WORK TO BE COMPLETED: Word for word, set down the records and skip each picture.

Extracted data entries:
──────────

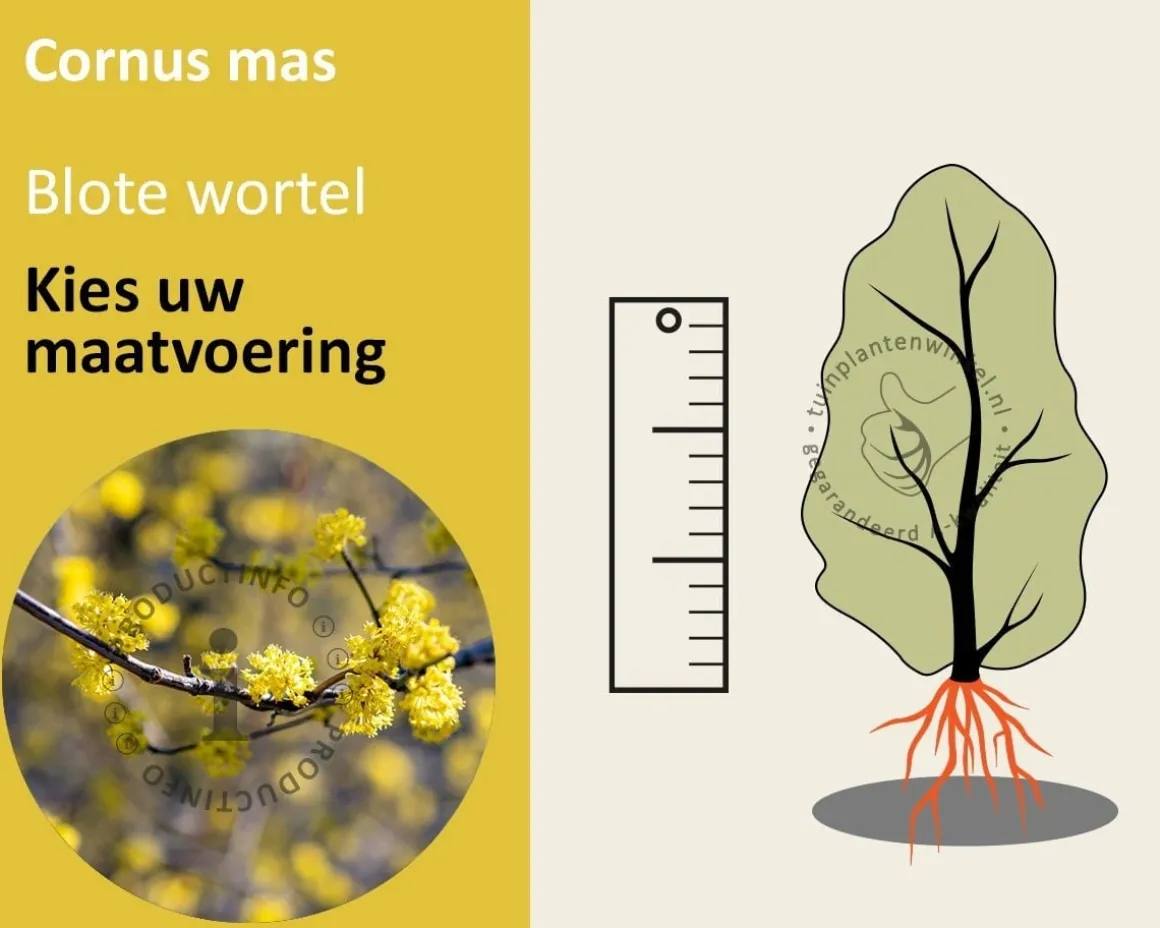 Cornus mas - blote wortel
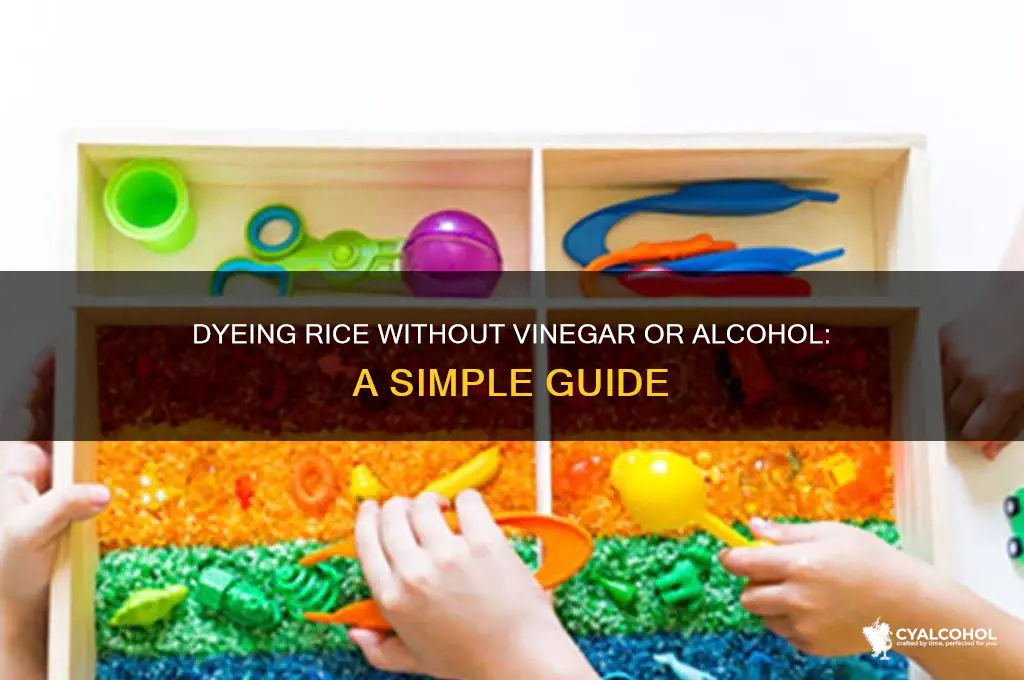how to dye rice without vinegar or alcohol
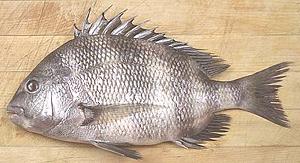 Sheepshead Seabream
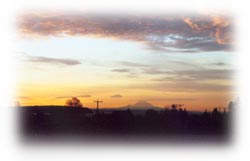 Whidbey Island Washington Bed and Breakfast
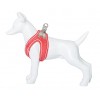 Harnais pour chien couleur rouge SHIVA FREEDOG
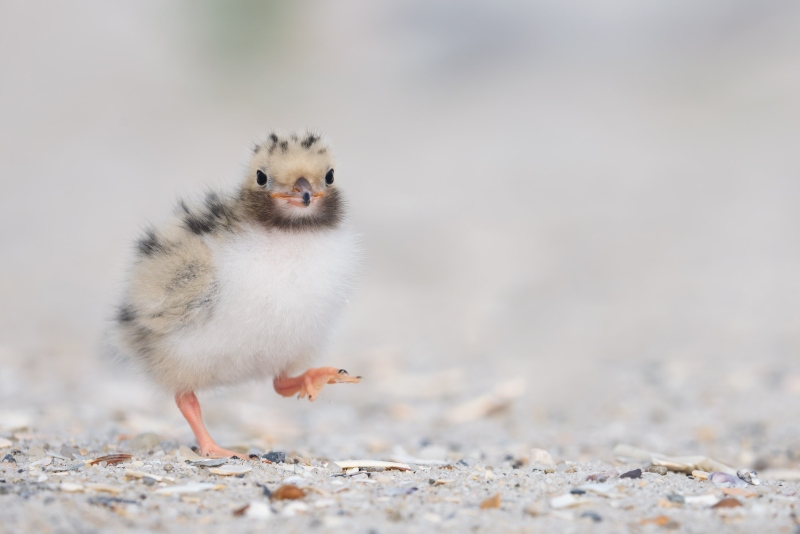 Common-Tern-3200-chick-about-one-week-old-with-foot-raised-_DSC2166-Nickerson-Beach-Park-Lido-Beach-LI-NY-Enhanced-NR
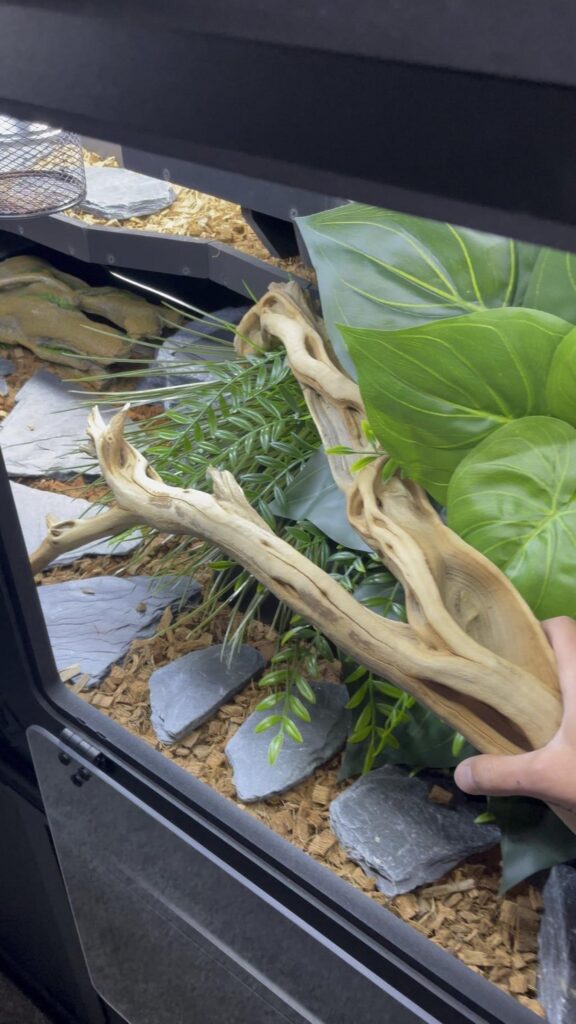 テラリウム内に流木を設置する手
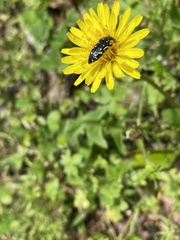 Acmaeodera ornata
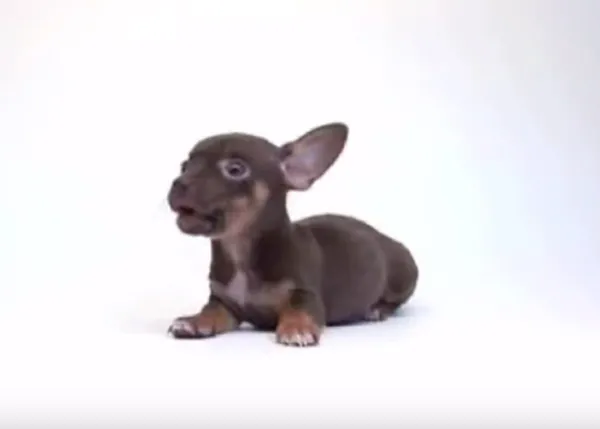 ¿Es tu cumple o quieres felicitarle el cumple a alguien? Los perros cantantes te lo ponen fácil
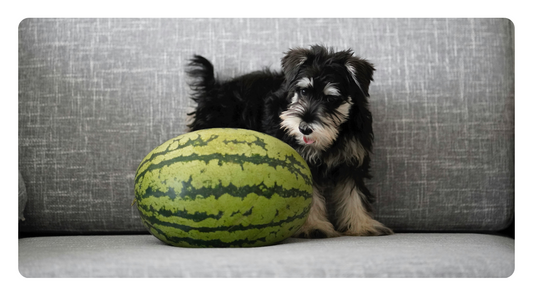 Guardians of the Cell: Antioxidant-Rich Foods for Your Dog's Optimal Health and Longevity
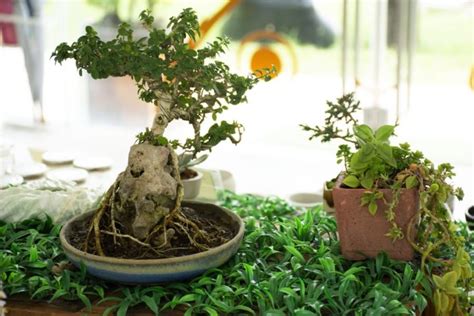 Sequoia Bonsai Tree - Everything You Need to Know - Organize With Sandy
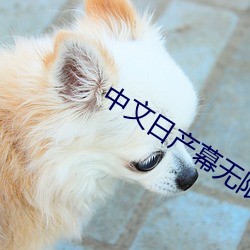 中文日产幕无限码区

──────────

EXERCISE RESPONSE:
 Cornus mas - blote wortel
how to dye rice without vinegar or alcohol
 Sheepshead Seabream
 Whidbey Island Washington Bed and Breakfast
 Harnais pour chien couleur rouge SHIVA FREEDOG
 Common-Tern-3200-chick-about-one-week-old-with-foot-raised-_DSC2166-Nickerson-Beach-Park-Lido-Beach-LI-NY-Enhanced-NR
 テラリウム内に流木を設置する手
 Acmaeodera ornata
 ¿Es tu cumple o quieres felicitarle el cumple a alguien? Los perros cantantes te lo ponen fácil
 Guardians of the Cell: Antioxidant-Rich Foods for Your Dog's Optimal Health and Longevity
 Sequoia Bonsai Tree - Everything You Need to Know - Organize With Sandy
 中文日产幕无限码区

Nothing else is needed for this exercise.